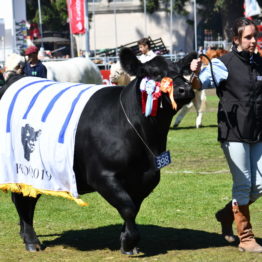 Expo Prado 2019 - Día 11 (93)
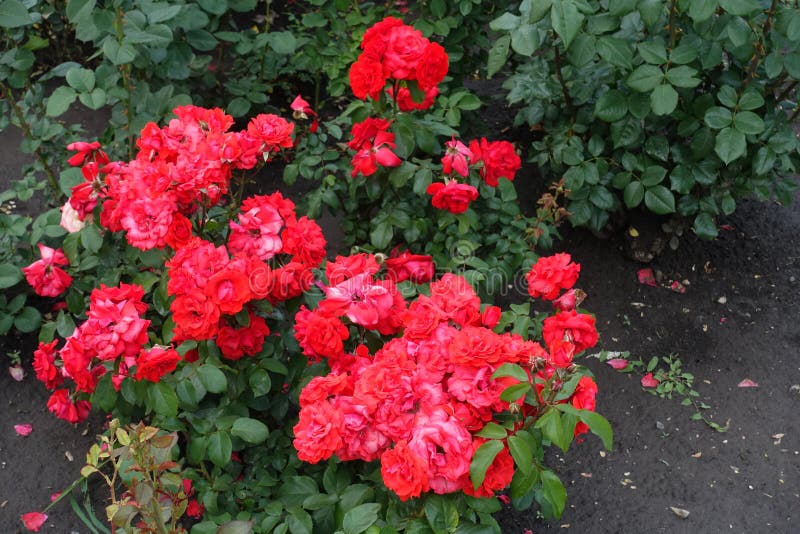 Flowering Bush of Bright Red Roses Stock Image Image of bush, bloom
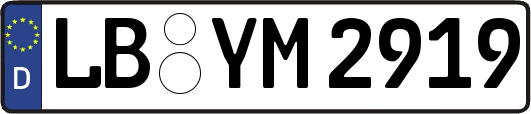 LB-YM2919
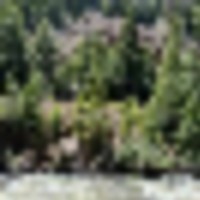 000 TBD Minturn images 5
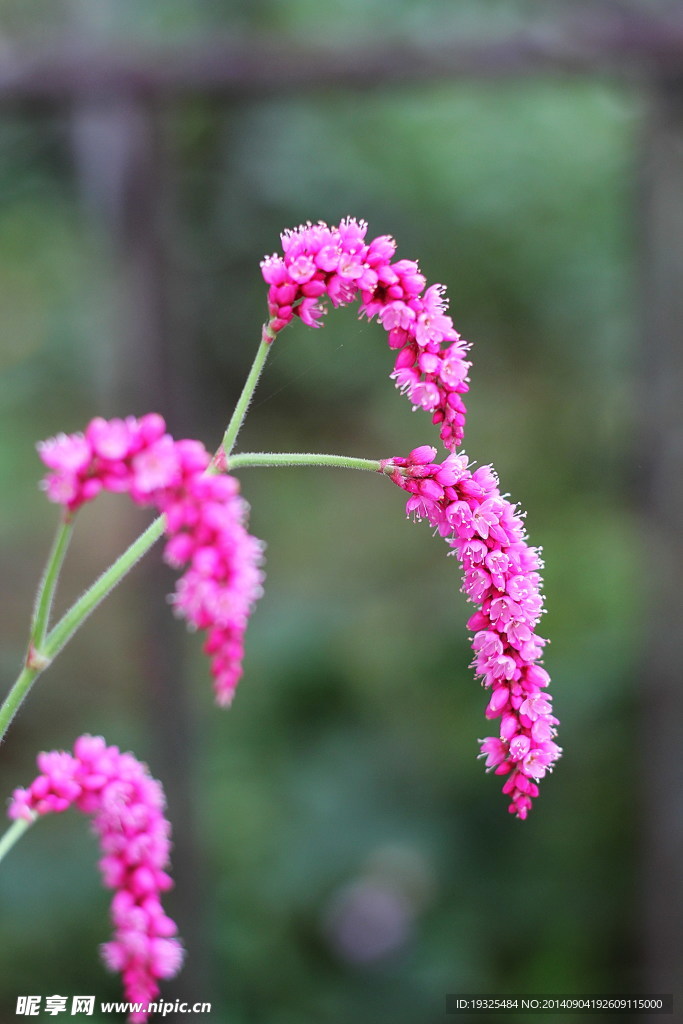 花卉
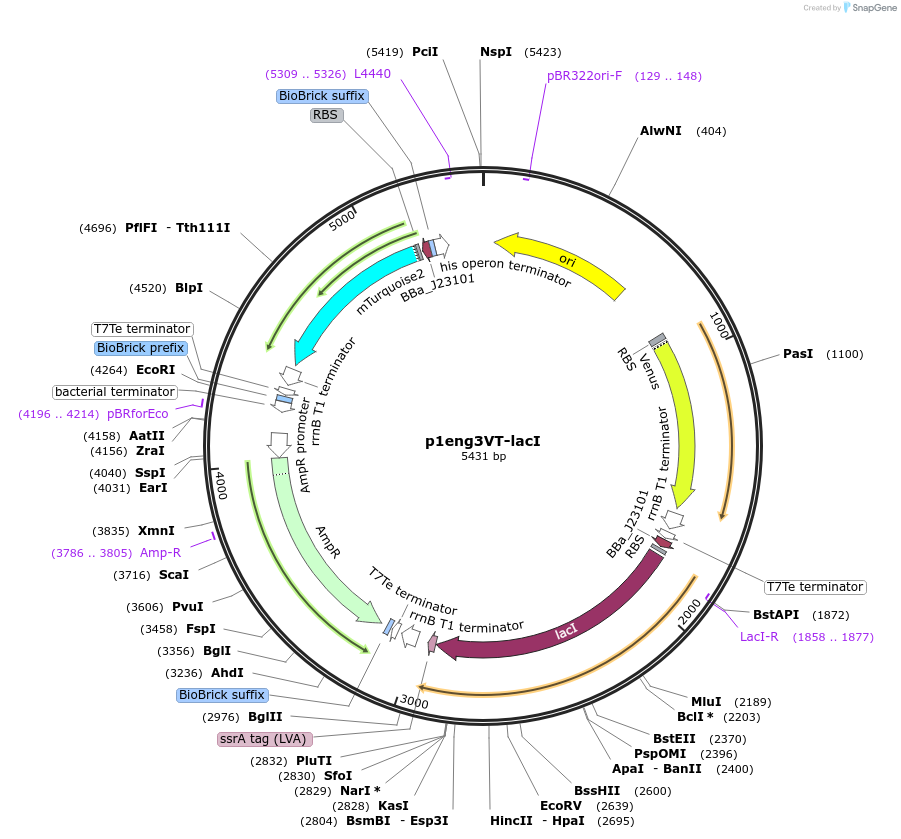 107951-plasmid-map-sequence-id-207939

-=-=-

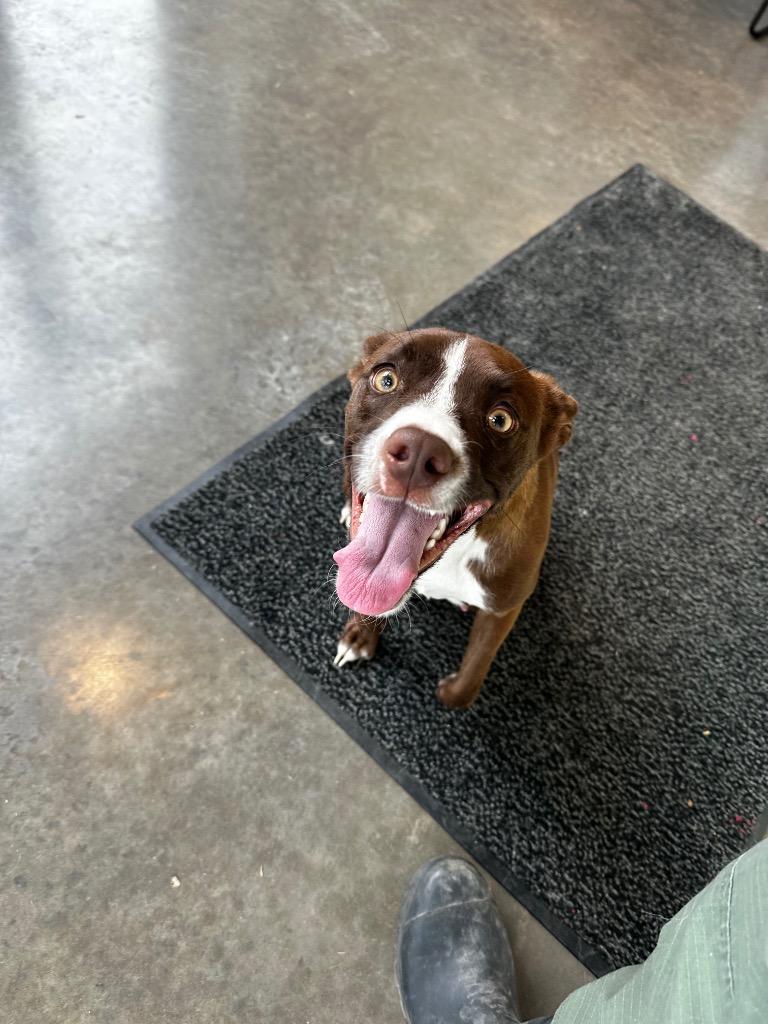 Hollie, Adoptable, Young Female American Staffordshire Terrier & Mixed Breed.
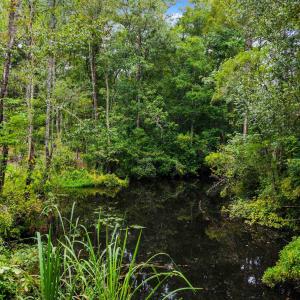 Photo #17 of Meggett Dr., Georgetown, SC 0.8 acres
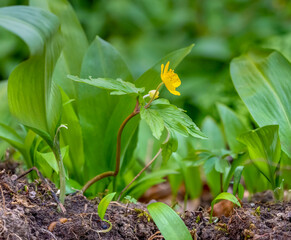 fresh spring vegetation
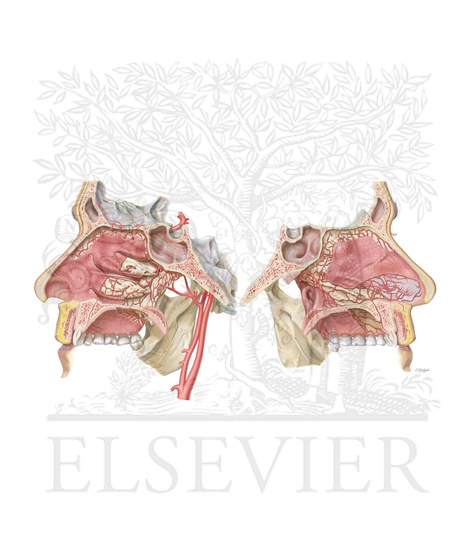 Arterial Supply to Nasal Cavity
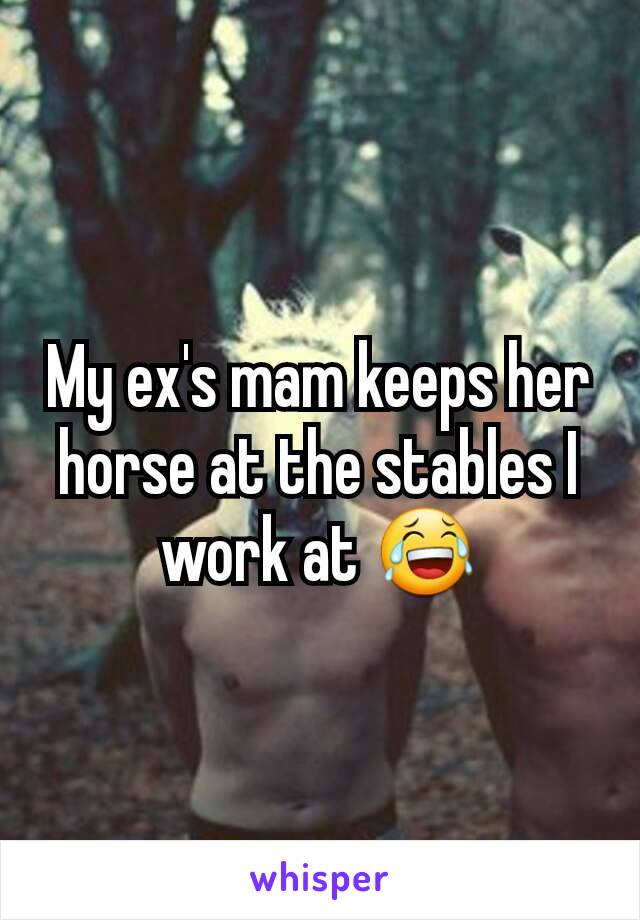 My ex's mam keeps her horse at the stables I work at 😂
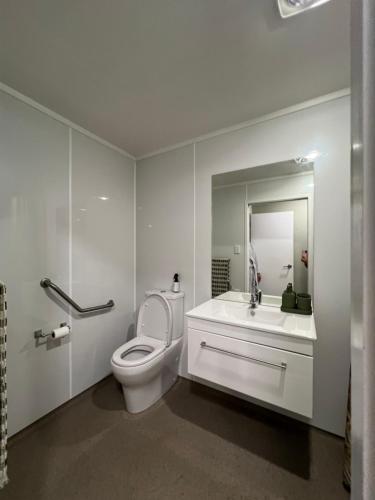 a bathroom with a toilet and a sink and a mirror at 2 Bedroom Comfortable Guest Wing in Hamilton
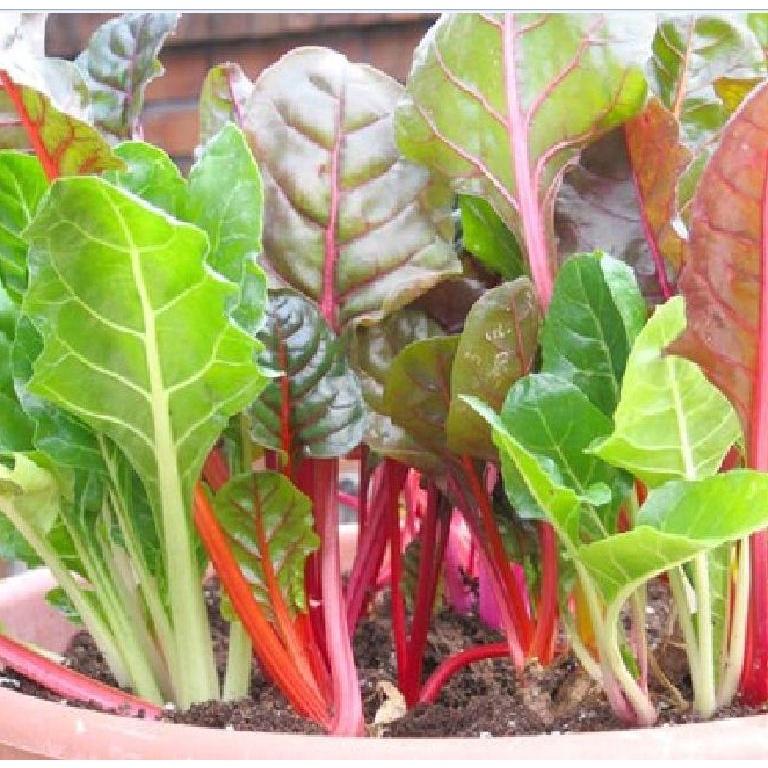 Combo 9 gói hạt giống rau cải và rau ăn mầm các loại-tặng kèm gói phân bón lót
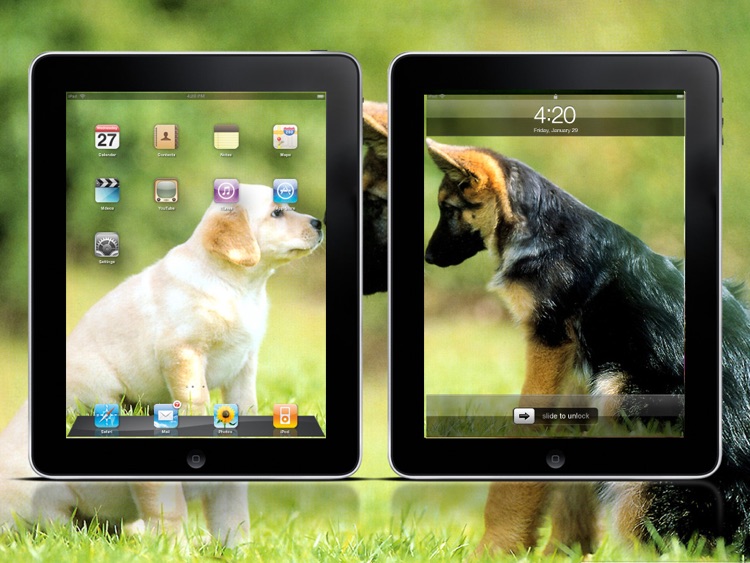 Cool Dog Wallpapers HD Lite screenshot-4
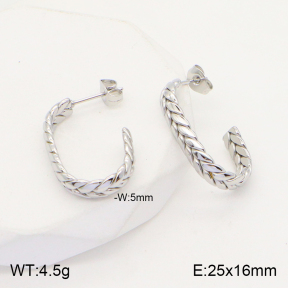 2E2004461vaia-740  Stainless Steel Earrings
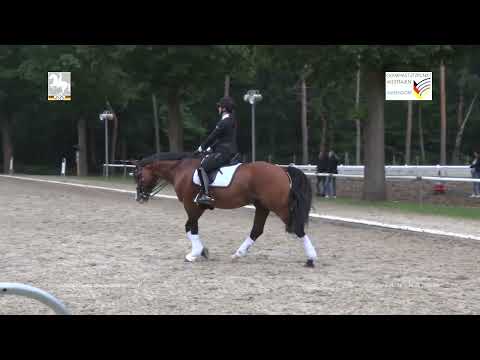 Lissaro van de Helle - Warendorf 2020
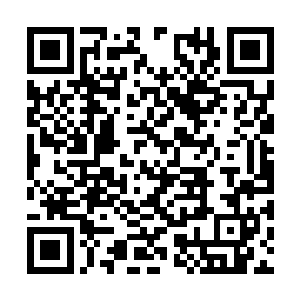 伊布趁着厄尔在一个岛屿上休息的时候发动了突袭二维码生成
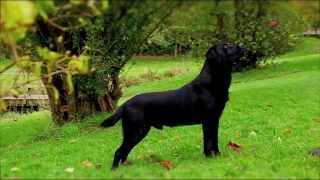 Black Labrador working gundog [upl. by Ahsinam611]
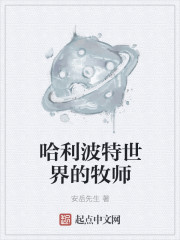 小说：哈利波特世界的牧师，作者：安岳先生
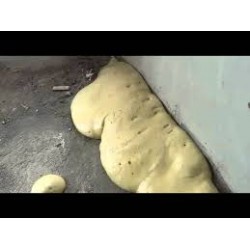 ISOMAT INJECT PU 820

-=-=-

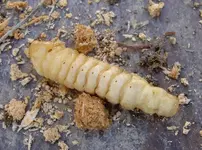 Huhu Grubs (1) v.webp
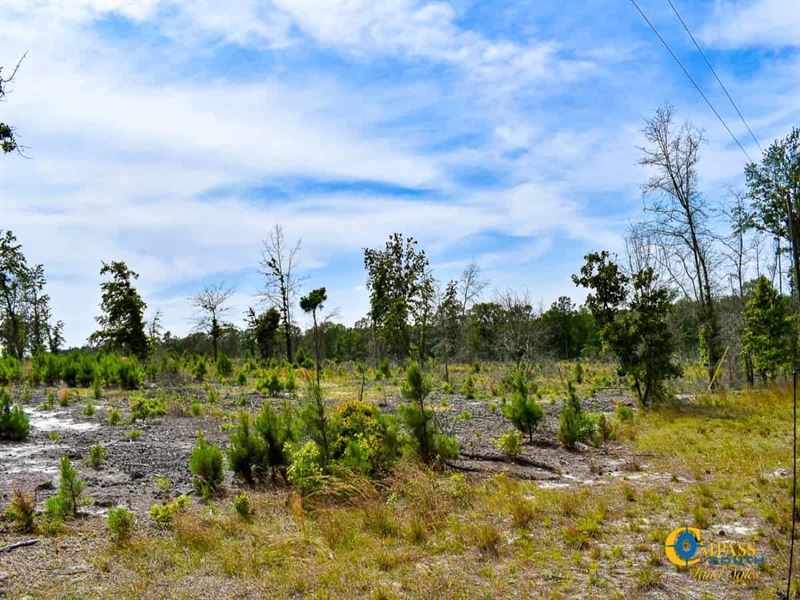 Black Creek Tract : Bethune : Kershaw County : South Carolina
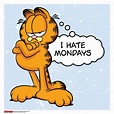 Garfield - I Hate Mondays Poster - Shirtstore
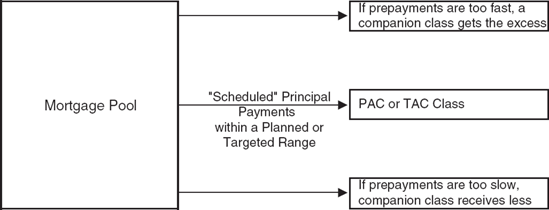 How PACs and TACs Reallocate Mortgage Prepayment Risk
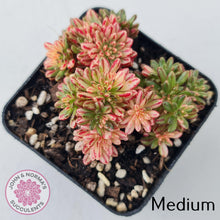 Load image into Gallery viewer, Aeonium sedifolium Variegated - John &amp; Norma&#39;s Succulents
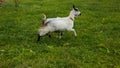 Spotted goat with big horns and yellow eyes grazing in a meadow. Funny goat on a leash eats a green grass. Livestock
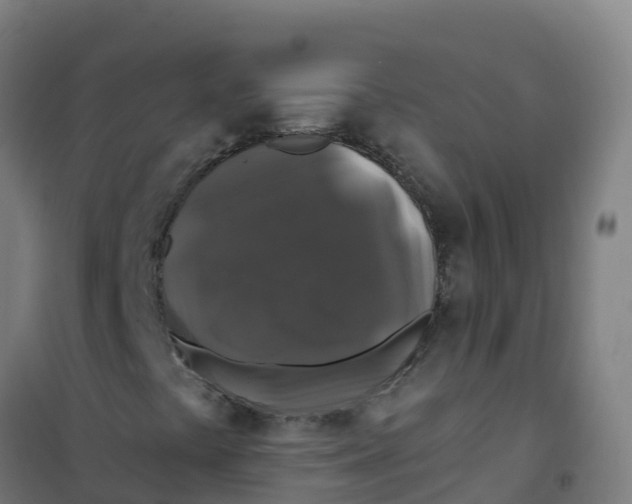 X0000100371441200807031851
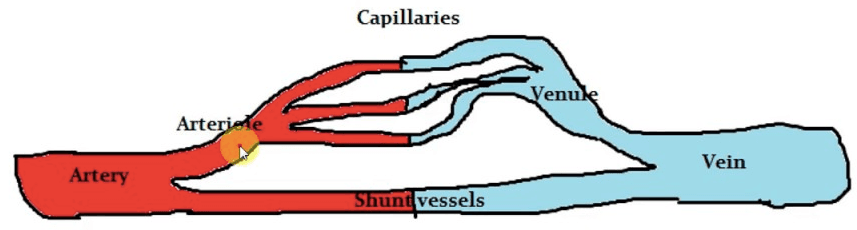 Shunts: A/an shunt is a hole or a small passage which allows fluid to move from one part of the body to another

-=-=-

AIM OF THE EXERCISE: Every line above between the one containing "My ex's mam" and the one containing "ISOMAT INJECT PU 820", those two included, is to be printed exactly. No pictures go into the copy.

TASK OUTPUT:
 My ex's mam keeps her horse at the stables I work at 😂
 a bathroom with a toilet and a sink and a mirror at 2 Bedroom Comfortable Guest Wing in Hamilton
 Combo 9 gói hạt giống rau cải và rau ăn mầm các loại-tặng kèm gói phân bón lót
 Cool Dog Wallpapers HD Lite screenshot-4
 2E2004461vaia-740  Stainless Steel Earrings
 Lissaro van de Helle - Warendorf 2020
 伊布趁着厄尔在一个岛屿上休息的时候发动了突袭二维码生成
 Black Labrador working gundog [upl. by Ahsinam611]
 小说：哈利波特世界的牧师，作者：安岳先生
 ISOMAT INJECT PU 820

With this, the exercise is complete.